# Rook leaking vs. insurance company!



## carllecat (Aug 3, 2010)

Hey, 

Our roof was leaking last week as there was a lot of snow on the roof. The Adjuster of the insurance company (TD) came over and told us that it would approximately cost $1,500 to fix the damages and since our deductible is $1,000, we should not even bother looking into filing a claim. He did not have a look in the attic to see if the humidity level was too high and perfect for mold to grow...

He said that if we decide to claim, our premium would go up by $200 a year. If my calculations are good, TD would recoup its money ($500) it had to pay should we file a claim in roughly 2 years... 

I also assume that after the two years our premium would not go back to its original level. Should I investigate a bit more on the reasons of such a raise of the premium? Give a call the TD Ombudsman? Or simply just shut up and let go?
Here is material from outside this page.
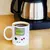 Gameboy Heat Changing Coffee Mug, presente para jogadores, nerds, Nintendo, fãs de Mario, homens, retrô dos anos 90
I should get into that business... You get paid for nothing and when a claim comes to you, you penalize the customer by raising its premium and make sure you recoup your revenue loss in the short term...! That is so frustrating!!!


----------



## marina628 (Dec 14, 2010)

Have you investigated the attic yourself? How old is the house? I had a claim with State Farm about 15 years ago and rather than get the roof patched they gave us a settlement and we got a new roof done.If our insurance went up it may have been $30 for the year at most.
I would be switching insurance companies ....


----------



## Dana (Nov 17, 2009)

carllecat said:


> He did not have a look in the attic to see if the humidity level was too high and perfect for mold to grow...


He should have at least assessed if there was any damage in the attic. I would call and ask them to send out another adjuster. 

How do you know the roof was leaking? I mean, where did you find evidence of water damage. We had a roof issue in 2007 and by the time the adjuster traced the leak from where we discovered it to where it had originated he had a crew remove ceilings, walls and part of one of our bathrooms. It resulted in a $15k claim, two weeks of work on our home, industrial fans to dry out the damaged areas and a company that came in to ensure we didn't have a mould issue resulting from the leak. The leak was caused by a combination of weather (ice damming) and step flashings that were installed incorrectly when our roof was replaced a year earlier. Our insurance also went up. I can't remember the amount, but it was significant enough that we switched insurers. We were insured at the time through Bel Air Direct.


----------



## OptsyEagle (Nov 29, 2009)

Dana said:


> He should have at least assessed if there was any damage in the attic. I would call and ask them to send out another adjuster.


Why would the insurance company want to find more damages. I am pretty sure they figure that if the homeowner is not motivated to find the total damage, then there probably isn't any.

Just so you know. The reason your premium goes up when you put in a claim is not a method to recoup the payment the insurance company makes, it is do to their regrouping. Once you put in a certain type of claim, you are preceived a higher risk and the premium rates for your new group are higher. You will find this the same wherever you go, since one of the questions asked is how many claims you have put in.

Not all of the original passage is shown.